Question: How do you find the limit of \[\dfrac{{\sin x}}{x}\] as \[x\] approaches to \[\infty \]?...

Question

How do you find the limit of $\dfrac{{\sin x}}{x}$ as $x$ approaches to $\infty$ ?

Answer 1

Solution

To find the limit of the given function $\dfrac{{\sin x}}{x}$ , apply squeeze theorem. As it deals with the limit values, rather than function values and if we have some function f(x), we define new functions h(x), g(x) such that $h\left( x \right) \leqslant f\left( x \right) \leqslant g\left( x \right)$ .

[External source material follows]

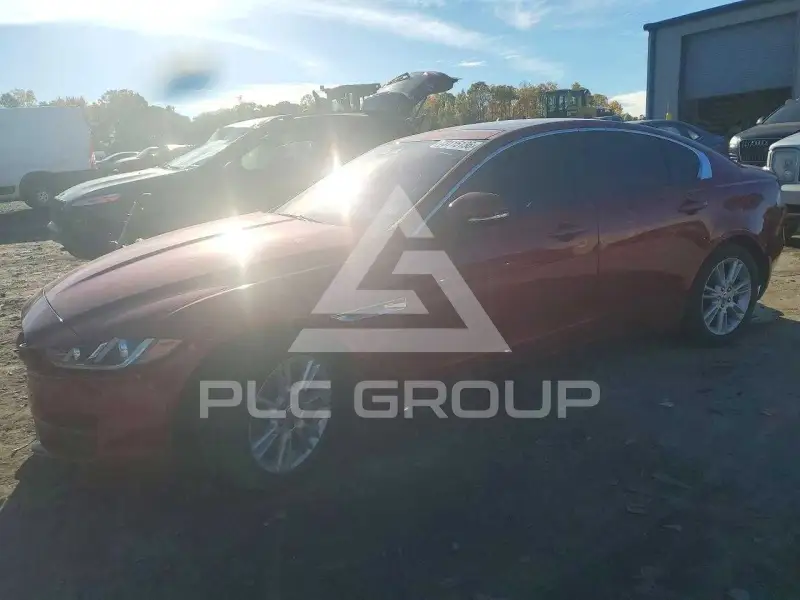 2017 Jaguar XE фото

Complete step by step solution:
Let us write the given function as
$\dfrac{{\sin x}}{x}$
We'll use the Squeeze Theorem, which states that if we have some function f(x), we define new functions h(x), g(x) such that
$h\left( x \right) \leqslant f\left( x \right) \leqslant g\left( x \right)$
Then, we'll take
$\mathop {\lim }\limits_{x \to a} h\left( x \right)$ , $\mathop {\lim }\limits_{x \to a} g\left( x \right)$
If these limits are equal, then
$\mathop {\lim }\limits_{x \to a} f\left( x \right) = \mathop {\lim }\limits_{x \to a} h\left( x \right) = \mathop {\lim }\limits_{x \to a} g\left( x \right)$
Hence, all the limits are equal.
We know that
$- 1 \leqslant \sin x \leqslant 1$
Then,
$- \dfrac{1}{x} \leqslant \dfrac{{\sin x}}{x} \leqslant \dfrac{1}{x}$
Take
$\mathop {\lim }\limits_{x \to \infty } - \dfrac{1}{x},$
As $x \to \infty$ , we get
$\mathop {\lim }\limits_{x \to \infty } - \dfrac{1}{x} = - \dfrac{1}{\infty } = 0$
$\mathop {\lim }\limits_{x \to \infty } \dfrac{1}{x} = \dfrac{1}{\infty } = 0$

Hence,
$\mathop {\lim }\limits_{x \to \infty } \dfrac{{\sin x}}{x} = 0$ .

Additional information:
Here are some of the properties to find the limit functions:
Sum Rule: This rule states that the limit of the sum of two functions is equal to the sum of their limits.
Constant Function Rule: The limit of a constant function is the constant.
Constant Multiple Rule: The limit of a constant times a function is equal to the product of the constant and the limit of the function.
Product Rule: This rule says that the limit of the product of two functions is the product of their limits (if they exist).
Quotient Rule: The limit of quotient of two functions is the quotient of their limits, provided that the limit in the denominator function is not zero.

Note:
For a limit approaching the given value, the original functions must be differentiable on either side of value, but not necessarily at the value given. The limit of a quotient is equal to the quotient of the limits. The limit of a constant function is equal to the constant. The limit of a linear function is equal to the number x is approaching.